Some scientists who made great discoveries in history were ridiculed and dismissed by the scientific community at the time.
Some scientists who were way off the mark were celebrated; their theories were held as facts for decades or even centuries.
Image of doctor washing hands via Shutterstock
It seems obvious now, but Ignaz Semmelweis had a tough time convincing scientists and doctors 150 years ago that disease could be spread if doctors’ hands and tools were not cleaned.
He was ridiculed and rejected by the majority of his colleagues and superiors at the University of Vienna. He moved to Budapest and worked at a hospital there, slashing mortality rates to a record low by keeping things clean.
Harvard MD John Long Wilson writes of Semmelweis’s rejection: “His doctrine was opposed by powerful members of the academic hierarchy. … The damning evidence that they were themselves the remorseless messengers of death was a scarcely veiled threat to their pride and eminence.”
Image of mouse with cheese via Shutterstock
It was widely held until the 17th century that inanimate objects could produce living beings. The Encyclopedia Britannica gives an example: cheese and bread left in a dark corner were thought to produce mice—not attract mice, produce mice.
Similarly, decaying meat was thought to produce maggots.
Francesco Redi showed in the 17th century that meat does not produce maggots (flies lay eggs on the meat, producing maggots), by sealing some meat in a jar and leaving some exposed. The meat in the jar did not form maggots.
Image of tobacco pipe via Shutterstock
Children were told to smoke tobacco in 1665 during the London plague, according to the U.S. National Institutes of Health. During the 16th century, tobacco was widely prescribed in Europe as a cure for many illnesses, including cancer.
Many scientists could not accept that tiny little germs could cause diseases and kill people. Louis Pasteur was initially ridiculed for his theories about microbes. He proved they could be killed with heat, preventing disease.
He also showed that microbes are involved in the souring of wine and milk. The term “pasteurized milk” is named for him.
Fritz Zwicky (Wikimedia Commons)
Fritz Zwicky developed the theory of dark matter in the 1930s. He was met with great skepticism and largely ignored for more than 40 years.
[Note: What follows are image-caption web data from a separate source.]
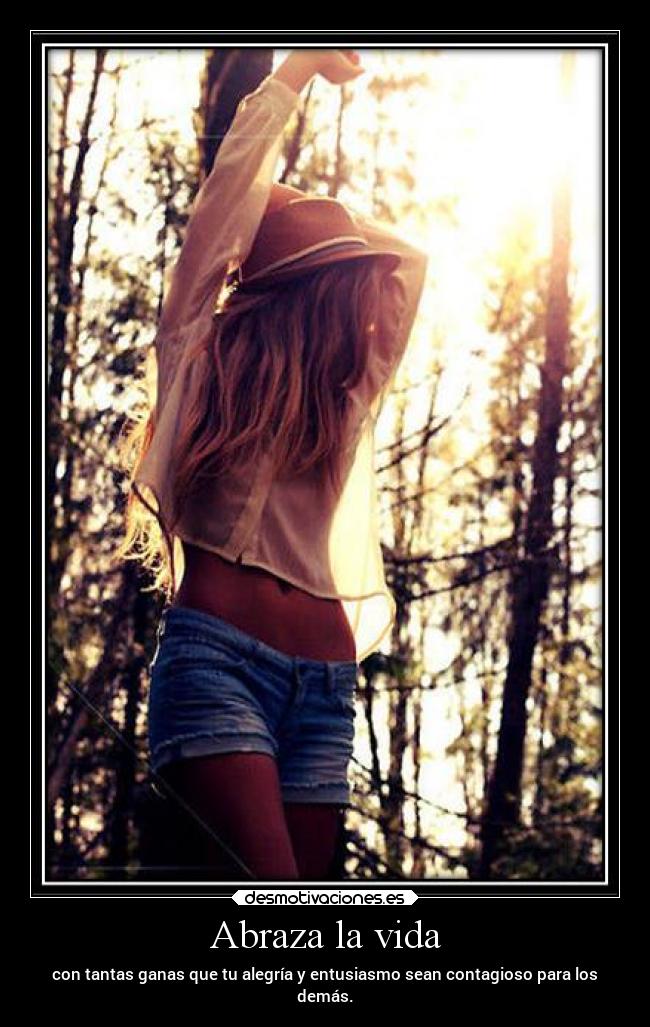 Abraza la vida - con tantas ganas que tu alegría y entusiasmo sean contagioso para los
demás.
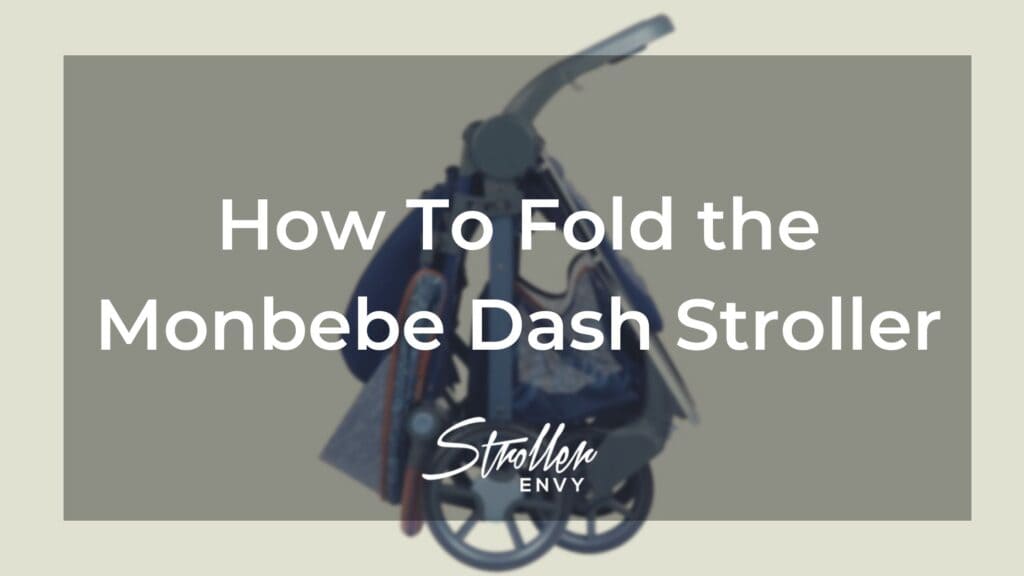 How To Fold the Monbebe Dash Stroller: 5 Simple Steps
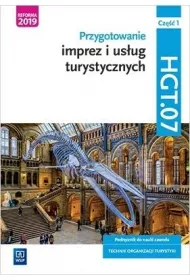 Przygotowanie imprez i usug turystycznych. Kwalifikacja HGT.07. Podrcznik do nauki zawodu technik organizacji turystyki. Cz 1. Szkoy ponadpodstawowe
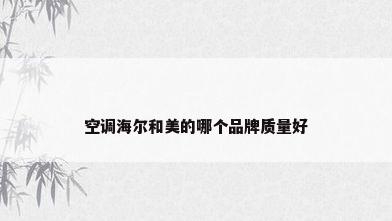 空调海尔和美的哪个品牌质量好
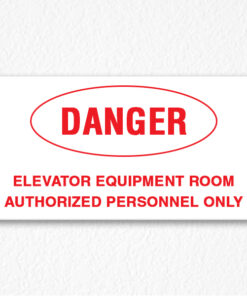Elevator Room Danger Sign in Red Text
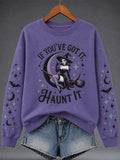Women's Halloween “IF YOU'VE GOT IT, HAUNT IT” Print Sweatshirt
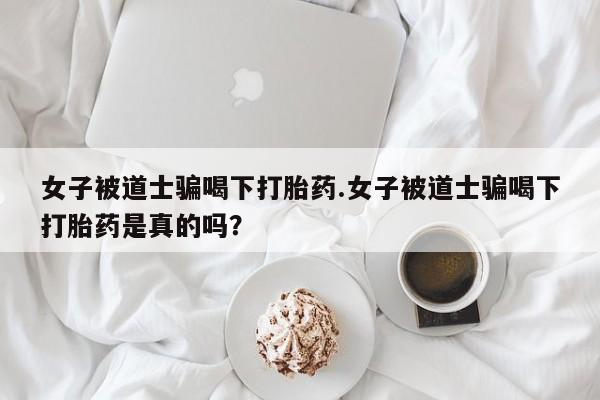 流产药专卖微信女子被道士骗喝下打胎药.女子被道士骗喝下打胎药是真的吗？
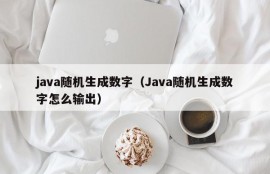 java随机生成数字（Java随机生成数字怎么输出）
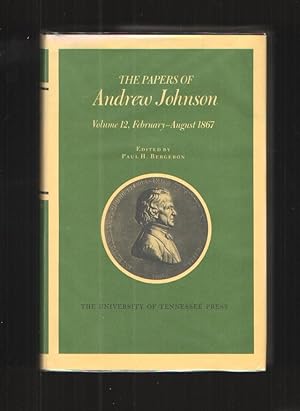 Image du vendeur pour Papers Andrew Johnson Vol 12 February August 1867 (Utp Papers Andrew Johnson) mis en vente par Elder's Bookstore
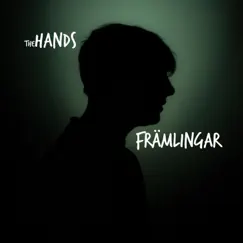 Främlingar - Single by TheHANDS album reviews, ratings, credits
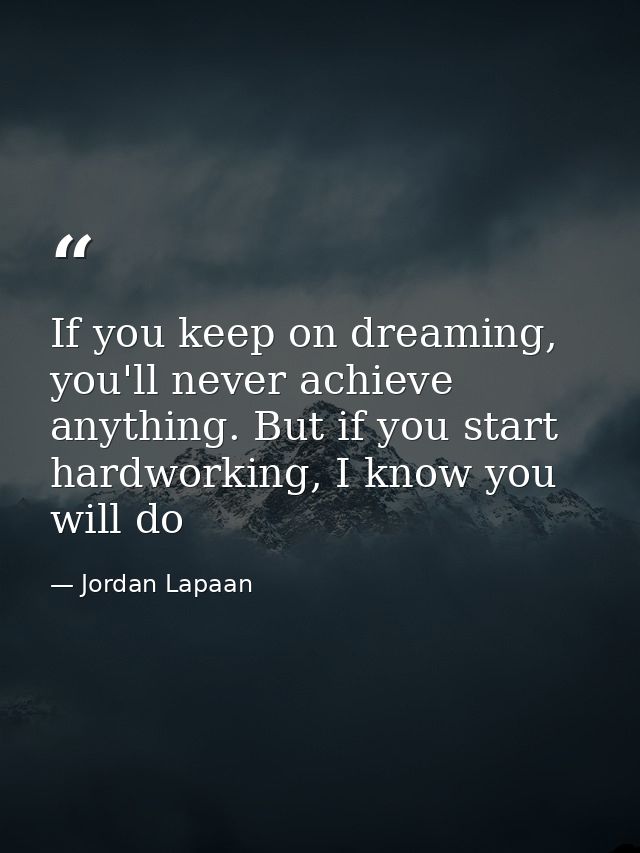 If you keep on dreaming, you'll never achieve anything. But if you start hardworking, I know you will do — Jordan Lapaan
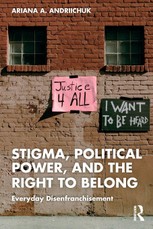 Stigma, Political Power, and the Right to Belong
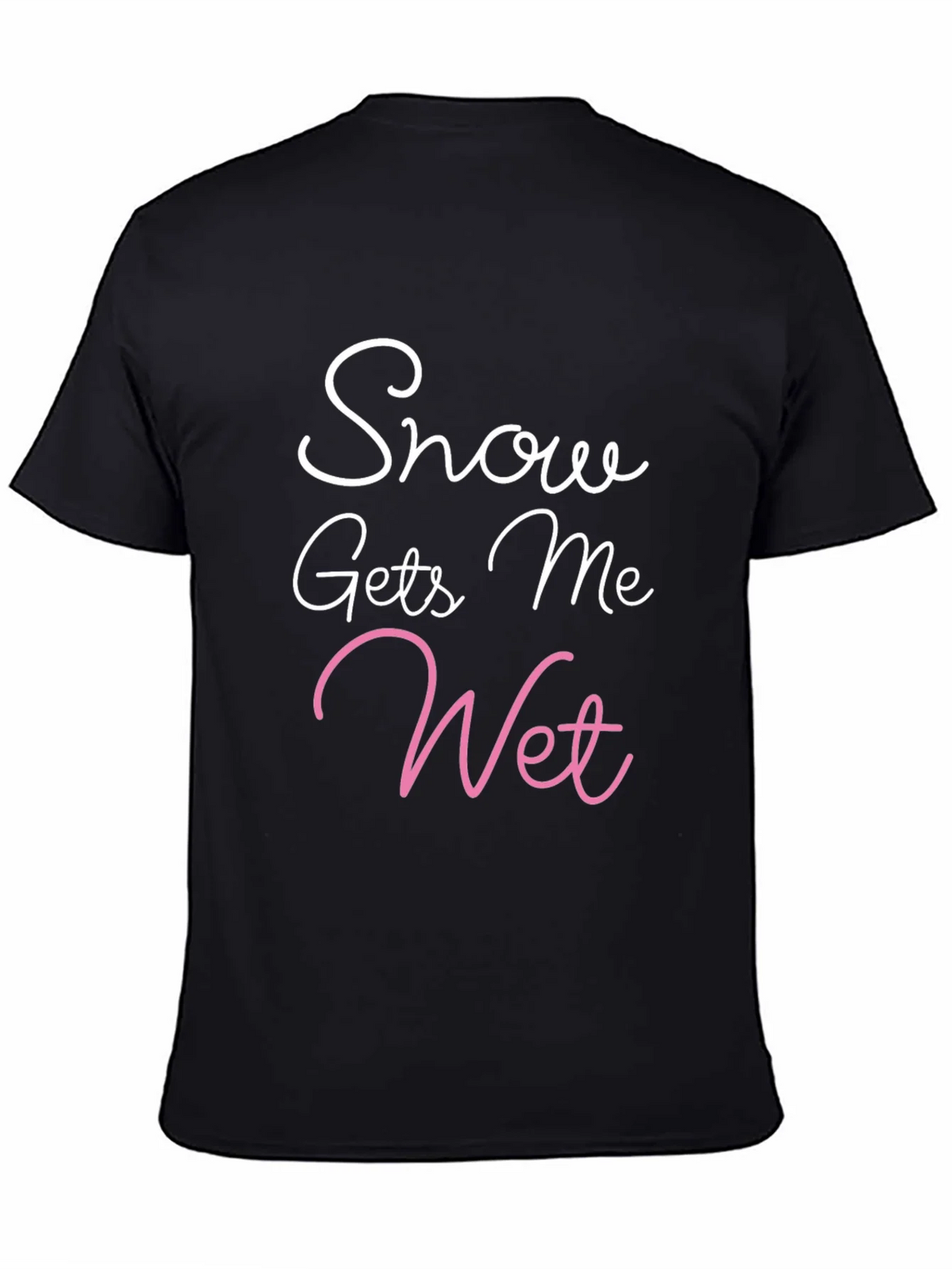 Snow Gets Me Wet Tee - Adult Humor Graphic T-Shirt product image 4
His descendants wrote a letter to Caltech’s journal of Engineering & Science in 2010, describing the reaction of the scientific community to Zwicky’s theory: “My grandfather identified an extravaganza of precedent-setting observations that were not understood by many benighted ignoramus of his time.
“Therefore, he no doubt invoked great animosity by telling his colleagues that they were missing 99 percent of the universe, and that they were only looking at the dust bunnies in front of the door.
“No conductor wants to be told he has lost his caboose.”